İş hayatında kadın olmak desem, ne söylersiniz?

Kadın olmak bir kere en başta güçlü olmayı gerektiriyor. Bu sadece iş hayatı için geçerli değil… Bazen gerçekten yorulduğumu hissediyorum ama sonra kendime yetebildiğimi gördüğüm zaman kendimi daha da güçlü hissediyorum.

Evde oturan ama üretmek isteyen kadınlara ne söylemek istersiniz?

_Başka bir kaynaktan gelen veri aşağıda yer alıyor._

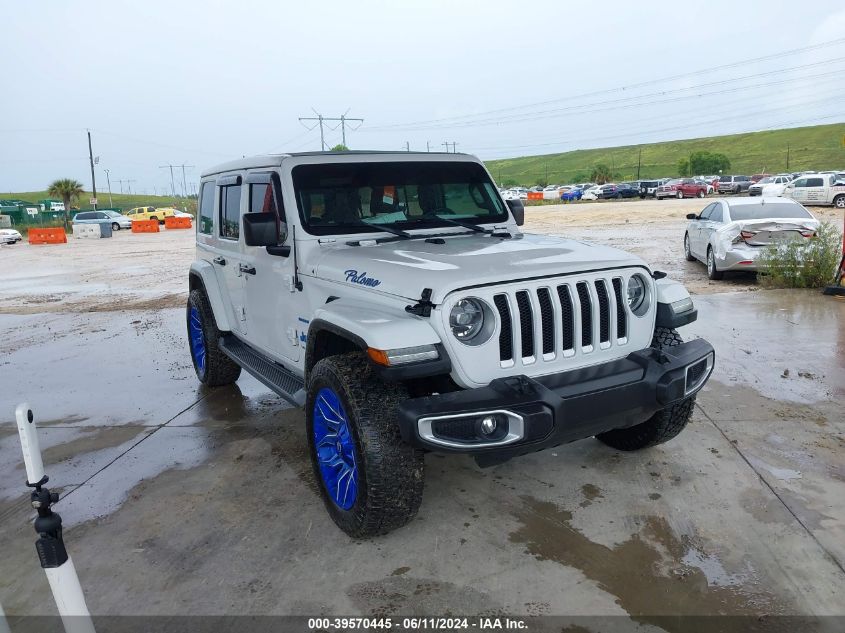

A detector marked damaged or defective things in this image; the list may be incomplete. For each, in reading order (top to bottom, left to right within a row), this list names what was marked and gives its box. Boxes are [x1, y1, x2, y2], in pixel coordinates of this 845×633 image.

Bir insan yeter ki yapmak istesin, istedikten sonra inanın yapamayacağı şey yoktur, özellikle de kadınların. Bir kere evde oturunca insan gerçekten köreliyor, ne bileyim ben köreldiğimi düşünüyordum. Sosyal aktivitelerle kendimi oyalıyordum ama iş hayatına yeniden döndüğüm zaman bunu net gördüm. O yüzden başarmak isteyen her türlü başarır. Mesela Network Marketing diye sistemler var, oturdukları yerde, evlerinde bile yapabilirler. Adana’da Portakal Çiçeği Karnavalı var, o karnavala özel bir şeyler üretip satabilirler. Evde pasta börek yapıp satabilirler. Bence Adana kadını hakikaten çok aktif. Adana’ya dışardan gelmiş biri olarak bunu çok iyi görebiliyorum. Kendilerini geliştirmeye açık ve üretken kadınlar.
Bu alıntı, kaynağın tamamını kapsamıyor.